3.  CONSIDERACIONES  

1.  Es competente la Sala para conocer del presente asunto al  tenor de lo dispuesto en el numeral 5 del artículo 2.2.3.1.2.1  del Decreto 1069 de 2015, modificado por el artículo 1º  del Decreto 1983 de 2017, toda vez que el reclamo constitucional  involucra  una decisión adoptada en segunda instancia por la Sala Penal  del Tribunal Superior de Barranquilla.  

2.  El artículo 86 de la Constitución Política  establece que toda persona tiene derecho a promover acción de  tutela ante los jueces, con miras a obtener la protección  inmediata de sus derechos constitucionales fundamentales, cuando por  acción u omisión le sean vulnerados o amenazados por  cualquier autoridad pública o por particulares, en los casos  previstos de forma expresa en la ley, siempre que no exista otro  medio de defensa judicial, o si pese a existir, se utiliza como  mecanismo transitorio para evitar la materialización de un  perjuicio de carácter irremediable.  

3.  Se tiene igualmente dicho que la acción de tutela contra  decisiones judiciales presupone la concurrencia de unos requisitos de  procedibilidad, genéricos y específicos1,  que consientan su interposición, esto con la finalidad de  evitar que la misma se convierta en un instrumento para discutir la  disparidad de criterios entre los sujetos procesales y la autoridad  accionada, contrariando así su esencia, que no es distinta a  denunciar la violación y obtener el restablecimiento de los  derechos fundamentales.  

3.1.  En cuanto a los primeros, estos implican i) que la cuestión  que se discuta resulte de evidente relevancia constitucional; ii) que  se hayan agotado todos los medios –ordinarios y  extraordinarios– de defensa judicial al alcance de la persona  afectada, salvo que se trate de evitar la consumación de un  perjuicio iusfundamental irremediable; iii) que se cumpla el  requisito de la inmediatez, es decir, que la tutela se hubiere  interpuesto en un término razonable y proporcionado a partir  del hecho que originó la vulneración; iv) que, cuando  se trate de una irregularidad procesal, quede claro que la misma  tiene un efecto decisivo o determinante en la sentencia que se  impugna y que afecta los derechos fundamentales de la parte actora;  v) que la parte accionante identifique de manera razonable tanto los  hechos que generaron la afectación como los derechos  vulnerados y que estos se hubiesen alegado en el proceso judicial,  siempre que esto hubiere sido posible y, por último, vi) que  no se trate de sentencias de tutela.  

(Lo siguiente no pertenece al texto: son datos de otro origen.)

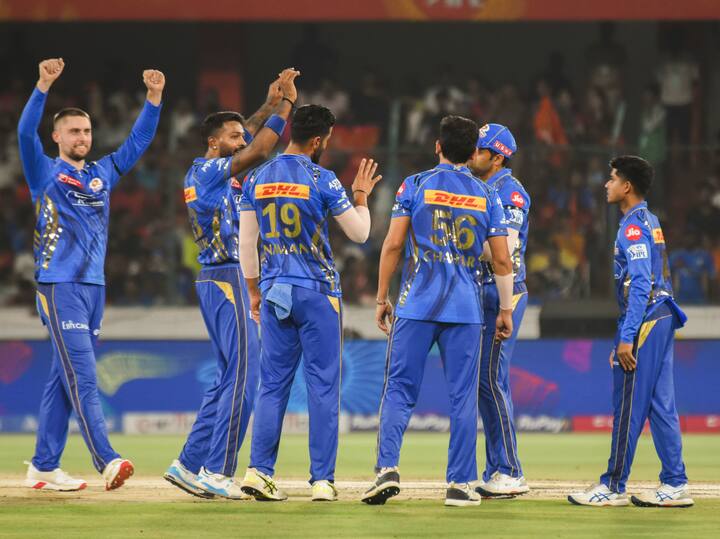 The match is being played between Mumbai Indians and Lucknow Super Giants on Sunday. The Lucknow team has won the toss and decided to bat first. The playing XI of both teams has changed. Corbin is making a bosch debut for Mumbai. Mayank Yadav has returned to Lucknow.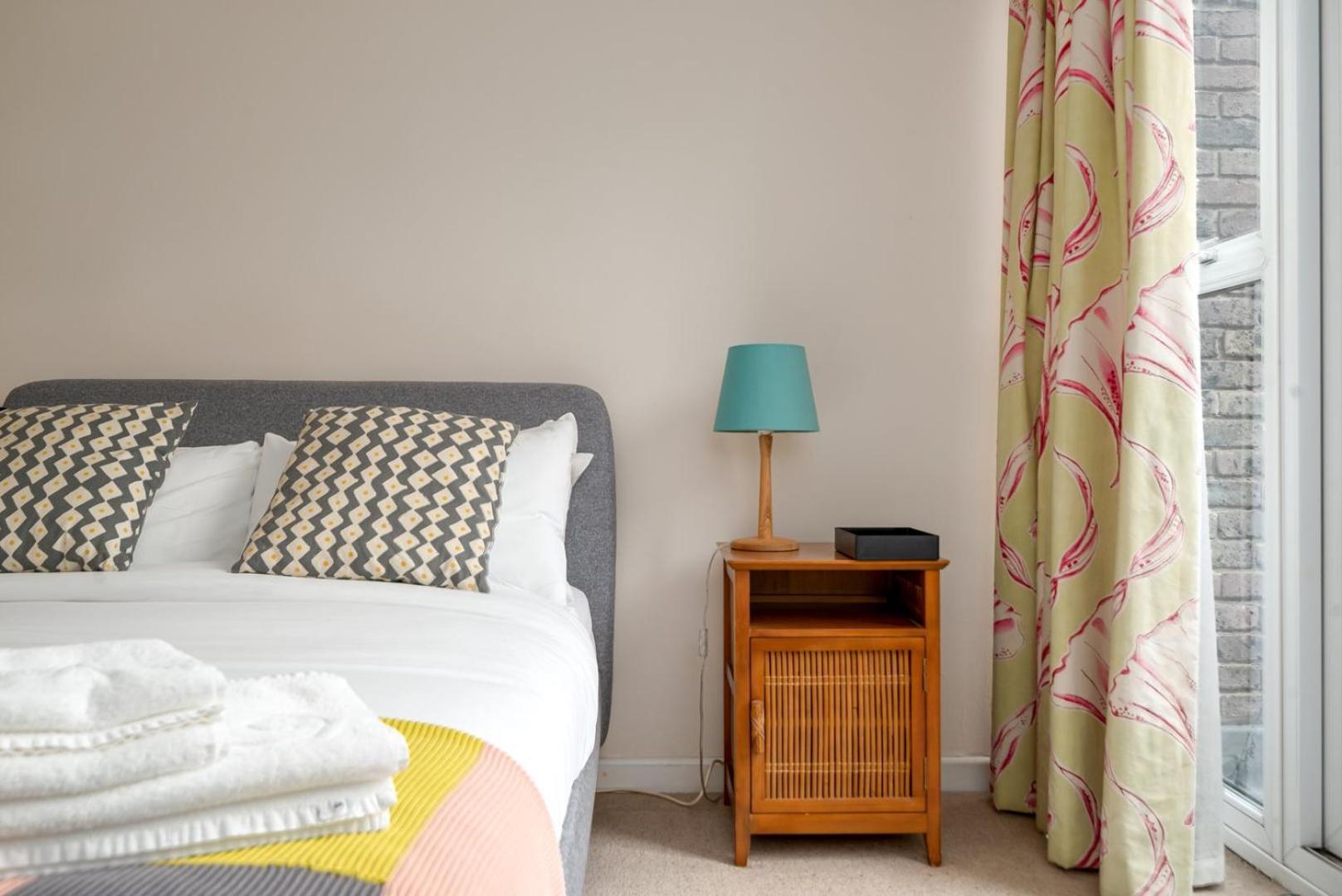 Lejlighed Guestready - Lovely Ground Floor Duplex With Patio In Southbank *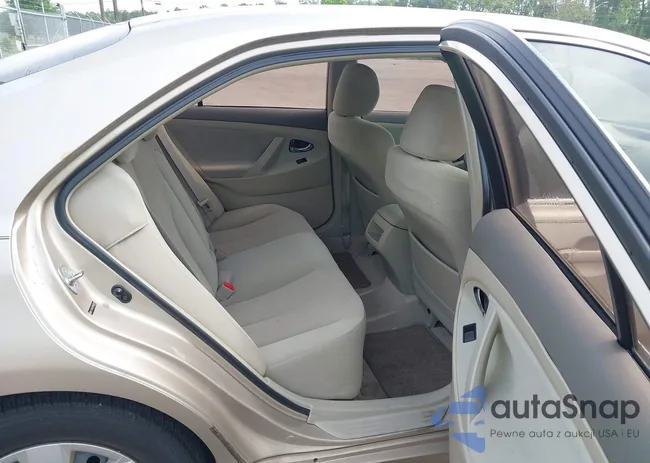 4T1BE46K19U405053: 42444256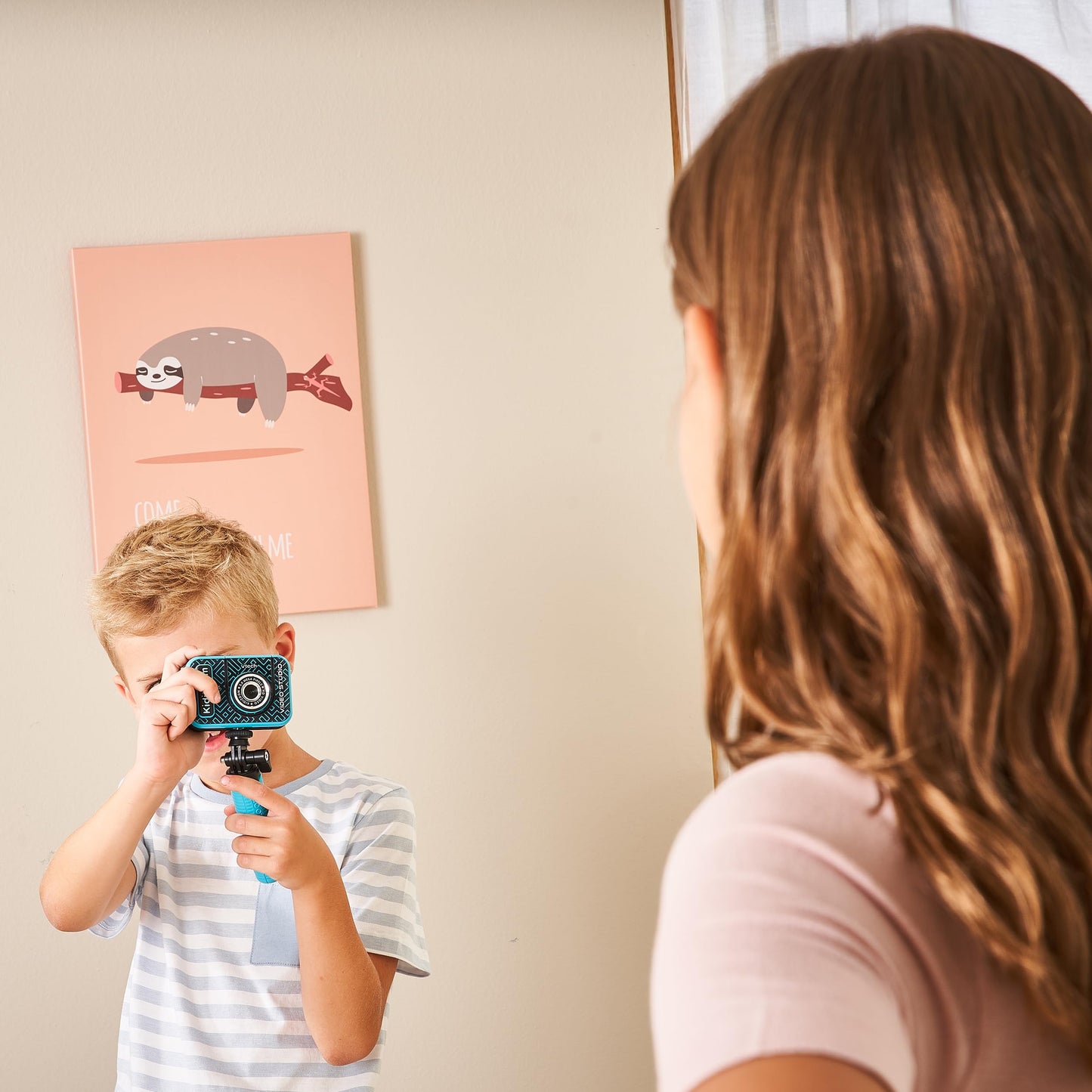 VTech Kidizoom Video Studio HD albastru – Cameră pentru copii cu Greenscreen, stativ, efecte, cameră pentru selfie și multe altele – Pentru copii de 5-12 ani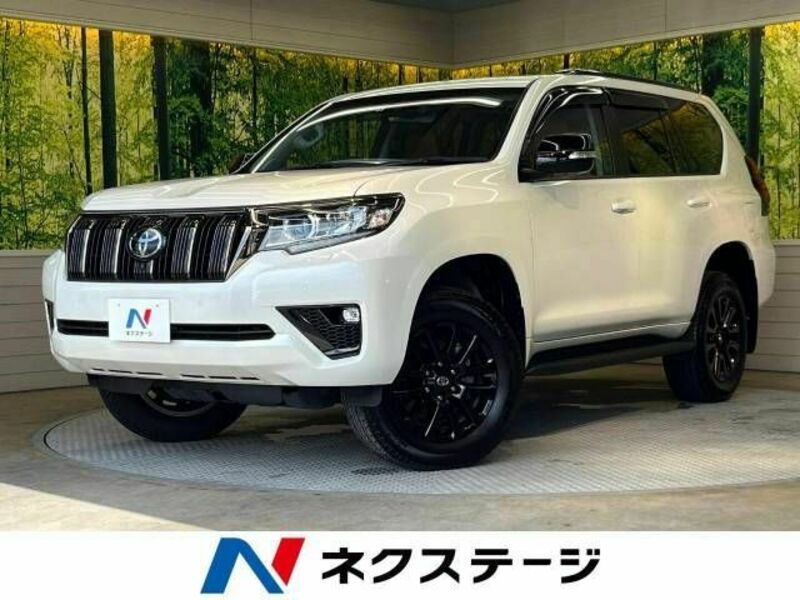 TOYOTA　LAND CRUISER PRADO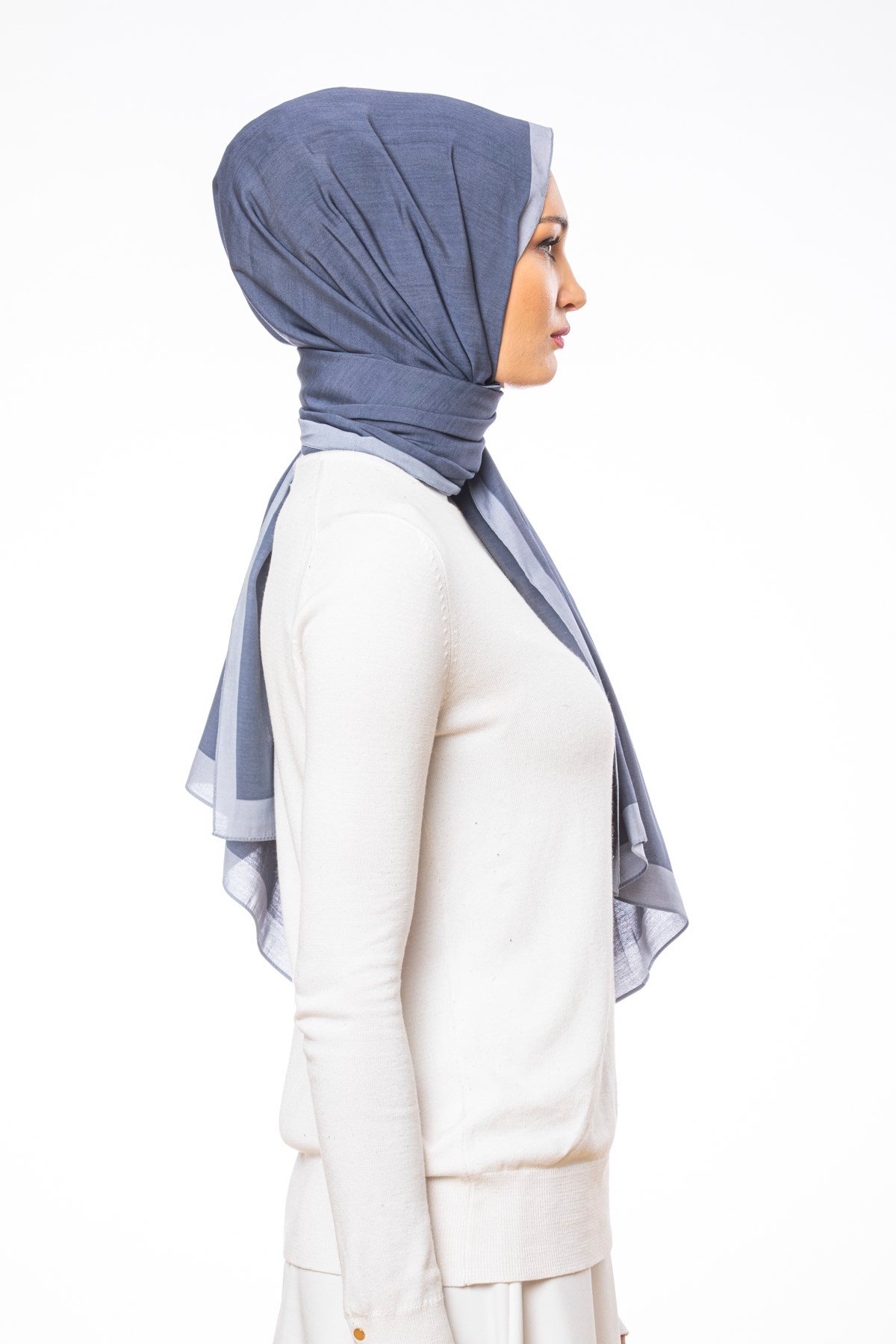 JAKARLI MODAL ŞALDüz Desen Modal Seri Şal Askısı ile Birlikte 75x200 cm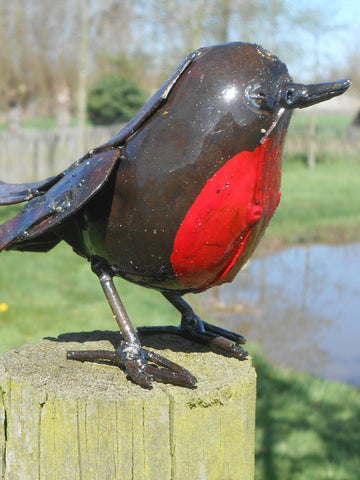 Roodborstje metalen vogel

3.2.  En relación con los segundos, la jurisprudencia antes referida  ha reiterado que para verificar su cumplimiento se debe lograr la  demostración de por lo menos uno de los siguientes vicios: a)  un defecto orgánico (falta de competencia del funcionario  judicial); b) un defecto procedimental absoluto (desconocer el  procedimiento legal establecido); c) un defecto fáctico (que  la decisión carezca de fundamentación probatoria); d)  un defecto material o sustantivo (aplicar normas inexistentes o  inconstitucionales); e) un error inducido (que la decisión  judicial se haya adoptado con base en el engaño de un  tercero); f) una decisión sin motivación (ausencia de  fundamentos fácticos y jurídicos en la providencia); g)  un desconocimiento del precedente (apartarse de los criterios de  interpretación de los derechos definidos por la Corte  Constitucional) o h) la violación directa de la Constitución.  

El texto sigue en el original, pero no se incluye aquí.